Gerald shrugged again, trying not to let the sadness pull the corners of his lips further down his face. “To learn respect? Discipline? I am sure those will be on the list of things he mentions. But in my opinion, he’s just tired of his own son.” 

His voice was bitter at the end and I couldn’t look him in the eye but I stayed still in my place there with him, holding my ground. 

“I am okay. It’s my business, my pain, and I deal with it my own way. Sarah just wants to help but sometimes I can’t make her understand… that I’m too afraid still. I…” 

I held up my hand to the boy that had ruined my summer. 

“You don’t have to explain. I get it.” 

He smiled, something small again but, this time, it was as if he had a friend in it all. My heart was jelly. I tried not to let my own smile appear but it had a mind of its own. 
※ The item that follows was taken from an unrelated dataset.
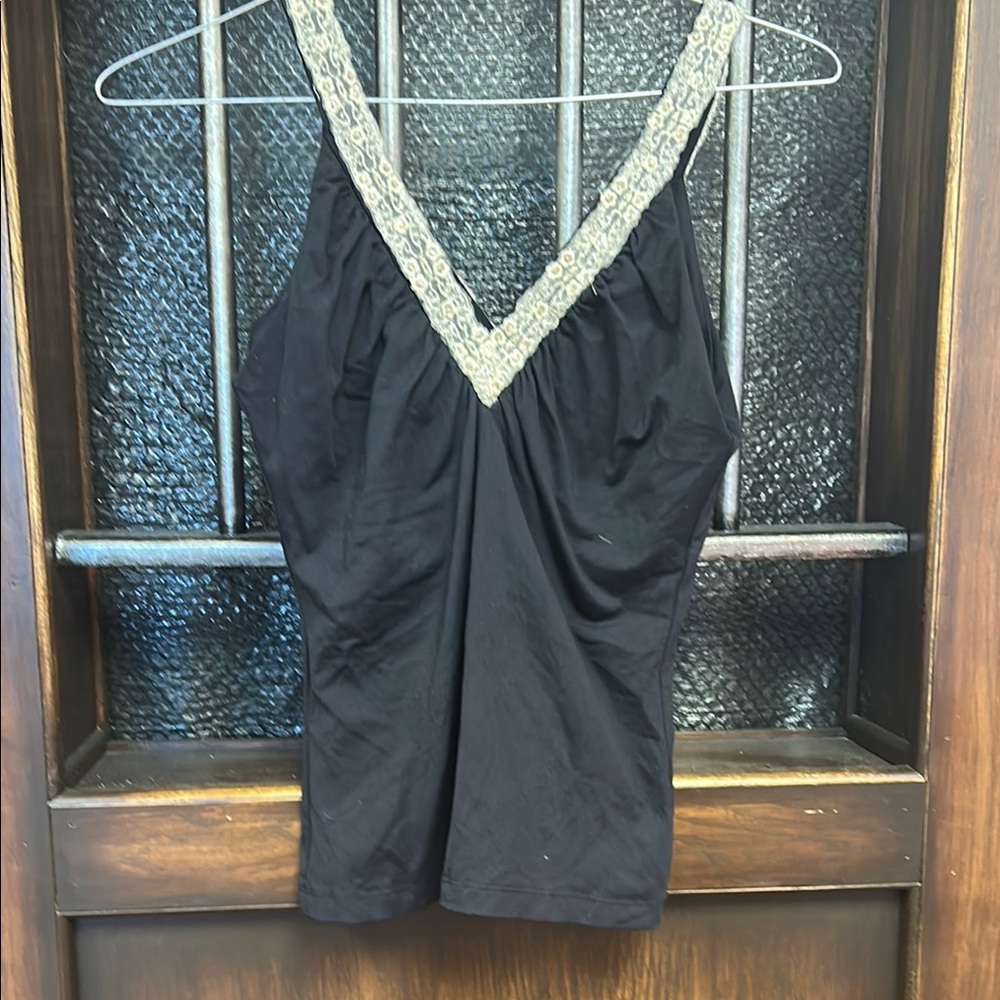 Black Lace-Trim V-Neck Camisole Tank Top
"Wait, I have something to give you," Gerald ran up the stairs and into the back door of the house, returning only a few moments later with a small baggie in his hands.

"I know it's not much..."

Gerald pulled a sticker from inside, its edges holographic, and across the center, the original Sublime cover art from "40 oz. to Freedom". I rubbed my thumb over the shimmering art.

"No wonder everyone likes you."

This time I got a full grin before I pulled him into a hug. "Thank you for this."

I ran the sticker back into the house and returned to his side.

“Well, it looks like this could be the last vacation of your life. Better get back to the beach and enjoy it, right?"